[reɡardé lèrbe pusé] (loc. verb. JARDIN.)
Chacun est bien entendu convaincu que l’excellence productive demande formation en dispositif et talent en disposition, deux éléments face auxquels les êtres humains ne sont pas tous égaux. Ceux que la besogne obsèdent oublient souvent et un peu vite que ne rien faire exige aussi beaucoup.
C’est pour cette unique raison que le langage suranné a créé regarder l’herbe pousser en synonyme de paresser.
Parce que glander n’est pas à la portée du premier carriériste venu, parce que même un tâcheron se prenant pour un chef ne sera pas capable d’oisiveté créative, et parce que si le travail c’est la santé, rien faire c’est la conserver¹, il fallait bien trouver une image poétique pour lutter contre les Stakhanov magnifiques et leurs élans productivistes. Quoi de mieux dans ce cas que regarder l’herbe pousser ?
L’on sait bien qu’elle finira par y arriver (et qu’il faudra alors la tondre, générant au passage une nouvelle corvée), mais le plus zélé des travailleurs, le plus brillant des responsables de la photocopieuse, perçoit grâce à regarder l’herbe pousser qu’il faut pour ça aussi faire montre de savoir-faire.
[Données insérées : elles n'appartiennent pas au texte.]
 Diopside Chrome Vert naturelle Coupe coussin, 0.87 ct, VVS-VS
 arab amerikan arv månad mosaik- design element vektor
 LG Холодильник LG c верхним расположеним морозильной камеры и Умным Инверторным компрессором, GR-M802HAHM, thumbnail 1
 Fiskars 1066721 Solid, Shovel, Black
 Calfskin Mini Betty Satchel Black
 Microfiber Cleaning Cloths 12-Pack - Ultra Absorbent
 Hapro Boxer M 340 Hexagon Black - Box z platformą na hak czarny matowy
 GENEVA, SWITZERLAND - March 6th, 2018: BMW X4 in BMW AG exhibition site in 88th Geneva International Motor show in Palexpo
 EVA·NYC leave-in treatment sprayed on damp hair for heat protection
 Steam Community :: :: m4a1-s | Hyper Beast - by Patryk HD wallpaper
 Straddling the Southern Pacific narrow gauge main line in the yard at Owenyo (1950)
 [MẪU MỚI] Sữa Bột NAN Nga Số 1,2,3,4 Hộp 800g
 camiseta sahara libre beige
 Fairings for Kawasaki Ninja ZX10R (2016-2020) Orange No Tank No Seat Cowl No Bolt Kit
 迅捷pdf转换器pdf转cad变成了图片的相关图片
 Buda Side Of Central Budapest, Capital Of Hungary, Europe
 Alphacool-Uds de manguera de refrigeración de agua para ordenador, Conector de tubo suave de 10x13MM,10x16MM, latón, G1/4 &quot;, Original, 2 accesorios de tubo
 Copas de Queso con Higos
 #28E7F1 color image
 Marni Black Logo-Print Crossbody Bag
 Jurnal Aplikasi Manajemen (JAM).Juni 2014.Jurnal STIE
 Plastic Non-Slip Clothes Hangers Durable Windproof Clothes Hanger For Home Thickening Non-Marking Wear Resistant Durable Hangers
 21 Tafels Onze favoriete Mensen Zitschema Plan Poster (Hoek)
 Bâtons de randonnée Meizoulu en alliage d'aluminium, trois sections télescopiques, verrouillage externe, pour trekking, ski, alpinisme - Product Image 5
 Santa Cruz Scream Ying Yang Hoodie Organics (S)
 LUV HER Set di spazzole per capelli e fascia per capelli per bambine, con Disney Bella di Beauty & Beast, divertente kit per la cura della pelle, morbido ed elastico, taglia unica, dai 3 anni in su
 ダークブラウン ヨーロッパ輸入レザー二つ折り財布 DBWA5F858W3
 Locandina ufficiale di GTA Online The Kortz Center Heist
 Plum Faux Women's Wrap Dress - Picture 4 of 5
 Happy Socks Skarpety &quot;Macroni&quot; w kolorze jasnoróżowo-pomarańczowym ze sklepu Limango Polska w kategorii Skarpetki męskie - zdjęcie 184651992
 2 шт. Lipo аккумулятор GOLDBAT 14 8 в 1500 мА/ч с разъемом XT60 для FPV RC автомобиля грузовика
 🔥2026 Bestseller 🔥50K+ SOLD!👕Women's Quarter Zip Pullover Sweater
Regarder l’herbe pousser n’est pas fainéanter ni glandouiller; regarder l’herbe pousser exige une capacité à la contemplation, de la patience, une maîtrise parfaite du silence et des dispositions à humer l’air du temps². Et ces qualités n’appartiennent pas aux besogneux ou aux ambitieux à dentition longue rayant le parquet. Pour parvenir à regarder l’herbe pousser, il faut y travailler.
Celui qui a compris le sens coupant et le sens doux du brin d’herbe, celui qui ne confond pas l’herbe à la Vierge avec l’herbe à la reine, celui qui sait pourquoi la valériane s’appelle l’herbe à la femme battue, celui qui sait où cueillir l’herbe à crapauds, parce qu’il a passé du temps allongé dans la prairie à contempler les nuages ou à mâcher des épis de blé (et qu’il sait aussi qu’il faut le cueillir le septième jour du septième mois à la septième heure, mais ceci est une autre histoire), celui-là sait regarder l’herbe pousser.
En 1975, un herbicide total à base de glyphosate règle son compte à regarder l’herbe pousser. Roundup®, produit par la Monsanto Company cotée au New York Stock Exchange, ne peut s’embarrasser de doux rêveurs regardant l’herbe pousser. L’herbe c’est de l’argent quand on la pulvérise. Alors hors d’ici les indolents et les musards : vous êtes surannés.